USAS Response to 9/28/12 Adidas Group Statement on PT Kizone
We are disappointed to learn that, even after Cornell University’s recent decision to sever ties with the company over labor rights abuse, Adidas once again has refused to accept responsibility for the $1.8 million in severance pay owed to its 2,800 former workers at the PT Kizone factory. Instead, the company has attempted to hide the crisis of compliance in its supply chain with a web of mistruths and misdirection. Here are just three examples that contrast Adidas’ claims with reality:
Claim: Adidas had “no business relationship with [PT Kizone] for nearly six months prior to its closure.”

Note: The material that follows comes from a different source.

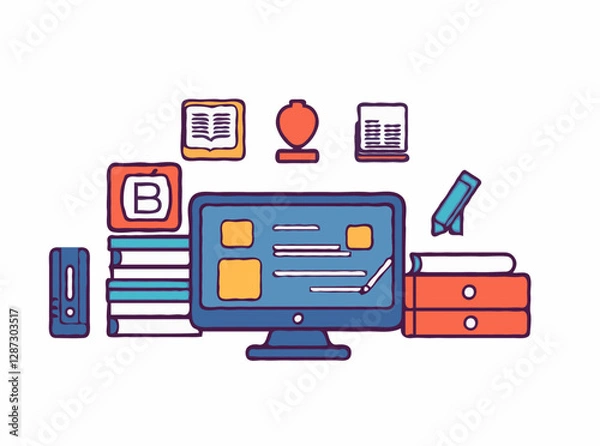 Fototapeta Educational Icons for E-Learning Platforms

Fact: Adidas has knowingly misled universities and the public about its relationship with PT Kizone, citing at least three different dates by which the company supposedly terminated its relationship with PT Kizone. The fact remains that Adidas disclosed the factory as a college supplier in April 2011, the same month the factory closed. Moreover, according to the Worker Rights Consortium, violations began at PT Kizone in September 2010, when Adidas indisputably produced at the factory.
Claim: “The adidas Group has directly dedicated more towards the former PT Kizone workers than any other brand.”
Fact: Adidas has not paid a single cent of the $1.8 million in severance owed to the former PT Kizone workers. Moreover, the union representing the PT Kizone workers explicitly rejected Adidas’ food vouchers and rehiring program as an insulting substitute for legally-owed severance pay; some workers have even been forced to sell their vouchers on the black market in order to pay for their children’s school expenses.
Claim: Adidas again highlights its job placement program as evidence of their efforts on behalf of the former PT Kizone workers.
Fact: In a moment of candor, Adidas itself admitted in a letter to PT Kizone workers in July that its job placement program ”has not demonstrated satisfying results because most of the job openings have been outside the area/location desired by the workers.” A similar rehiring program in the aftermath of the Hermosa factory closure in 2005 did not result in a single worker involved in the dispute finding work in an Adidas supplier factory.
While we welcome long-term solutions to abuses in Adidas’ supply chain, the company’s latest “Provident Fund” scheme is no such solution. Adidas is developing the scheme alongside the Fair Labor Association, an organization funded and controlled by Adidas and other brands, which described Foxconn factories as “improving” shortly before worker riots broke out last week. While the problems of corporate self-monitoring are well known, the recent revelation that Social Accountability International, a similar corporate-funded monitor, gave a clean bill of health to the Ali Enterprises facility in Pakistan just weeks before the tragic fire that killed nearly 300 workers, makes it even clearer that such efforts are not a credible response to the crisis of compliance in Adidas’ supply chain, nor the immediate plight of the former PT Kizone workers.
Instead of convening meetings in the Alps to discuss disingenuous solutions to their labor rights abuse, Adidas should pay their former PT Kizone workers the money they’re owed, and, once and for all, accept responsibility for the workers who make their products.